Furthermore, the results indicate that pressure- and efficiency-corrected data from NMDB sensors located near the CRNS, particularly those with similar or lower cutoff rigidity, should be given preference. This result is in line with existing semi-analytical scaling methods and demonstrates that cutoff rigidity is not a sufficient condition for optimal scaling parameterization. The study further underscores the importance of site- and sensor-specific scaling parameters to guarantee precise soil moisture estimates. Sensor-specific attributes, such as the energy spectrum monitored, significantly influence the accuracy of these estimates. While cutoff rigidity and elevation were identified as critical factors influencing beta, psi, and omega, additional, unidentified factors may also play a role. To ensure accuracy, it is recommended that periods with average environmental conditions are selected for calibration to minimize discrepancies between estimated and actual soil moisture.

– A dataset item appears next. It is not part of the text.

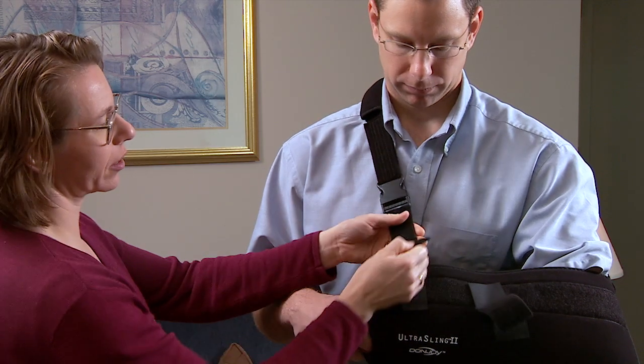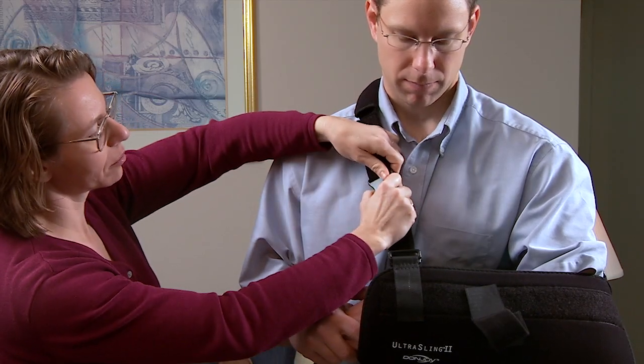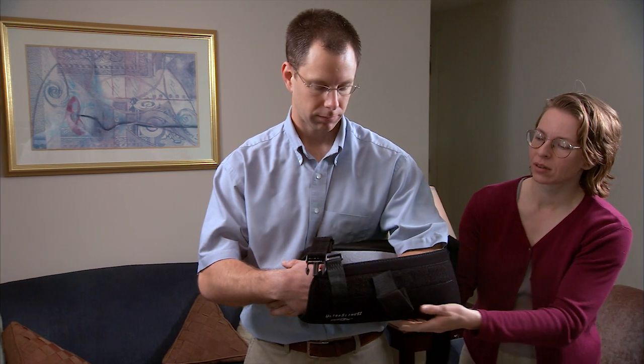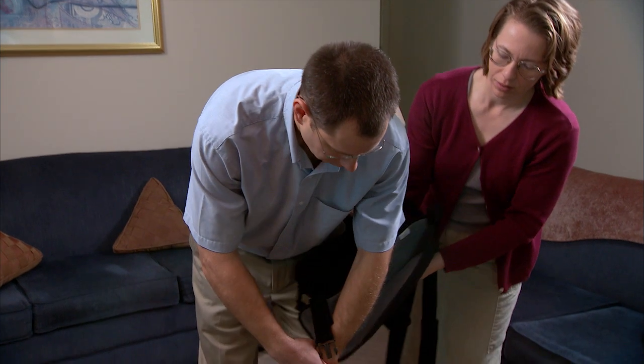Your helper releases the Velcro on the shoulder strap to loosen it, then unbuckles the strap. Keep holding your arm so it doesn't drop. Bend forward slowly, still holding the hand of your healing arm. Straighten your healing arm at the elbow and let it dangle. Your helper then removes the sling.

Outlook and future directions

Future research should focus on enhancing data collection methods, defining quality standards, quantifying parameter uncertainty, and increasing the length of observation periods to reduce uncertainty. Additionally, refining scaling methods to better account for the energy dependence of neutrons, geographic and environmental factors, and other site- and sensor-specific conditions that influence scaling parameters is necessary. Although this study has identified key principles for scaling, further fine-tuning is required to fully understand and quantify the scaling functions. The findings revealed a higher variability in beta, a greater impact of air humidity on CRNS neutron intensity, and more variation in scaling factors for NMDB monitors than previously expected.

The proposed method can be tested across a broader range of sites and conditions to explore its full potential and limitations. Moving forward, a hybrid calibration approach combining the benefits of both semi-analytical and data-driven scaling methods may offer the most feasible solution. Such an approach would balance known theoretical relationships with sensor- and site-specific characteristics while also minimizing the calibration period required. By carefully considering site-specific conditions, environmental factors, and data quality, the data-driven method can improve the accuracy and reliability of soil moisture estimates using CRNSs. Future research should continue to refine these calibration techniques and further explore the factors that affect scaling functions for accurate soil moisture estimates at field scale.